Ce que le Japon dit de notre « impasse budgétaire »
Lundi, la Cour des comptes a publié une note sur « la situation et les perspectives des finances publiques ». Par-delà les questions que pose la date de publication de cette note, qui n’a pas pu embarrasser l’équipe sortante avant les élections, c’est un condensé de la pensée molle et conformiste qui échoue depuis des décennies en France. Pourtant, un pays a montré qu’il était parfaitement possible d’échapper à l’austérité, à condition de maîtriser sa politique monétaire : le Japon.

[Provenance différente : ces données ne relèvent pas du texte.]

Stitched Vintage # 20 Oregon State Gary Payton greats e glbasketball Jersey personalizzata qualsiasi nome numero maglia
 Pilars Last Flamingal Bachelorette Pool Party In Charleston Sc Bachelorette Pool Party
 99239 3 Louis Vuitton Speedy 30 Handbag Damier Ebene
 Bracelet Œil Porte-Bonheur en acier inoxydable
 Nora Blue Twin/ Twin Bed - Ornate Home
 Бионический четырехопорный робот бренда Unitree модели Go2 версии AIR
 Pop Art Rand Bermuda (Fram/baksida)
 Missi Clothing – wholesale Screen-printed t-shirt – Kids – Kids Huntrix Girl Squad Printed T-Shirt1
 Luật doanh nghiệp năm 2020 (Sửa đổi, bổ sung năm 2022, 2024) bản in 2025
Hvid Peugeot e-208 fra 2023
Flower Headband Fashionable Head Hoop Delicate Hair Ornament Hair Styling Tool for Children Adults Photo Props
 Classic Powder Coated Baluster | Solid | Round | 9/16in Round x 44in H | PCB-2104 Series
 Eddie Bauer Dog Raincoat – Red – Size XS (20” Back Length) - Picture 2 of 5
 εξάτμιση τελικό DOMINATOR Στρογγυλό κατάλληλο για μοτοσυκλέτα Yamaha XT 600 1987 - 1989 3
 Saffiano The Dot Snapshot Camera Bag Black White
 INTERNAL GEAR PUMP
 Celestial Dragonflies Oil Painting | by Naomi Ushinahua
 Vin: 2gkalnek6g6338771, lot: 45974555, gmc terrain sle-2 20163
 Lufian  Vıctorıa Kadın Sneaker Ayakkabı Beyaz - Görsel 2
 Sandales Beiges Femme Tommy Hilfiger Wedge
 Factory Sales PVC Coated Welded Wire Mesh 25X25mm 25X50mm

Un faux problème rendu réel par l’euro
A tous les perroquets austéritaires qui veulent poursuivre l’appauvrissement des services publics et le recul de la solidarité nationale, beaucoup d’arguments pourraient être opposés, si tant est qu’on donnait la parole à des penseurs non conformistes. D’abord, on pourrait opposer que cela fait des décennies que nos dirigeants veulent atteindre un déficit de 3% du PIB, que cette quête semble sans fin, et que l’augmentation du niveau de la dette publique se poursuit. On pourrait en tirer deux conclusions. D’abord, que les effets pervers de l’austérité contribuent, relativement paradoxalement, à creuser les déficits et la dette, en asphyxiant nos économies et en paupérisant les Français, ce qui pourrait pousser à changer de logiciel. De plus, cela relativise grandement les cris d’alarme de l’Ifrap et compagnie, qui n’étaient pas moins alarmistes en 2013 et nous annonçaient la quasi faillite sans changement de cap.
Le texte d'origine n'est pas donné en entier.